By selling its 66% stake in XL Axiata, the Malaysian parent could raise about $1.8 billion based on current market price and could cut its debt by more than half. That could be an attractive option, but Axiata may find it hard locating a buyer for such a large asset.
CK Hutchison could be one of the few entities that is interested — as well as one that is financially capable of buying XL Axiata.
The pattern
When it comes to telecom industry consolidation, Hong Kong tycoon Li Ka-shing is perhaps the most experienced entrepreneur. The billionaire, through his flagship company CK Hutchison, currently runs telecommunications business in more than 10 markets under the 3 brand.
There is little doubt that Hong Kong’s richest man is keen to expand his telecommunications empire.
In perhaps the most anticipated corporate deals in the telecom sector, CK Hutchison proposed to acquire Britain’s biggest mobile carrier O2 for $15 billion in 2015 and to merge with its 3 UK operations.
The proposal was rejected on antitrust concerns last year, but Li was quick to go for a plan B — merging its 3 Italia business with Wind Telecomunicazioni in a $24 billion deal, creating Italy’s largest mobile company with 31 million users.
As such, it should not be a surprise if Li does the same in Indonesia.
There is a pattern when Li buys telecom assets. In his previous acquisitions of CSL and Wind, as well as the failed attempt to buy O2, the tycoon concentrated on markets where he already has operations.
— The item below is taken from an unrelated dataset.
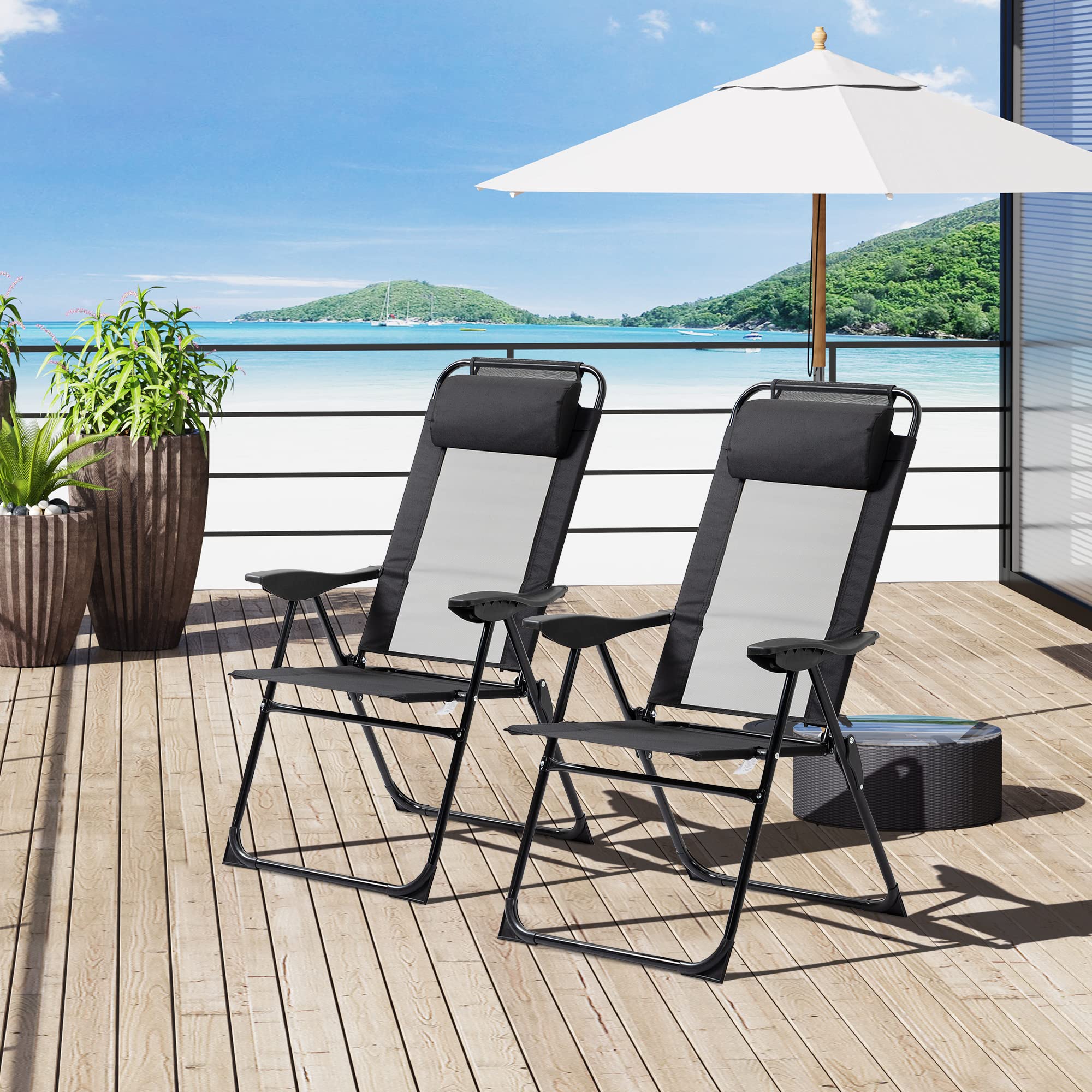 Outsunny Lot de 2 chaises de Jardin Set Basic de 2 chaises Pliantes Chaise de Camping Chaise de Balcon accoudoir Dossier réglable en 5 Positions Oreiller Amovible fourni Tissu Oxford textilène Noir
It is arguably the quickest way to expand market share in order to potentially benefit from pricing negotiations.
Hong Kong’s richest man is the owner of Hutchison 3 Indonesia, the country’s fourth largest mobile carrier, which he bought from Thailand’s Charoen Pokphand Group in 2007. The business is struggling to compete with larger players such as state-owned Telekom Indonesia and Indosat in terms of client reach.
Buying XL Axiata is the most direct way to help 3 Indonesia expand in the local market – a strategy that Li has used many times in other markets. Combining 3 Indonesia and XL Axiata will create the country’s second biggest mobile operator with close to 100 million users, or more than three times the subscriber base of CK Hutchison’s new business in Italy.
Li has also the financial ability to invest in telecom infrastructure and technology as per required by the Indonesian authorities.
And unlike the O2 bid, any approach on XL Axiata is unlikely to face material obstacles from antitrust regulators since the government is encouraging telecom mergers.
The one hurdle? Li is not known for investing in emerging markets. The tycoon has a clear preference for investing in developed markets such as Hong Kong, Australia and Europe, and most of his operations in developing markets remain small in scale.
In one of the most recent emerging market retreats, he sold 25% of his AS Watson retailing unit to Temasek for $6 billion in 2014. Watson runs 47 personal care stores across Greater Jakarta, West Java and Banten. In 2007, Hutchison Telecommunications (now CK Hutchison) sold its India telecom business to Vodafone and exited the world’s second populous nation.
But if he can get over his aversion to emerging markets, the deal could make a lot of sense for both parties.
What if… is a column that analyses unusual M&A ideas in Asia. These deals might not take place — but perhaps they should.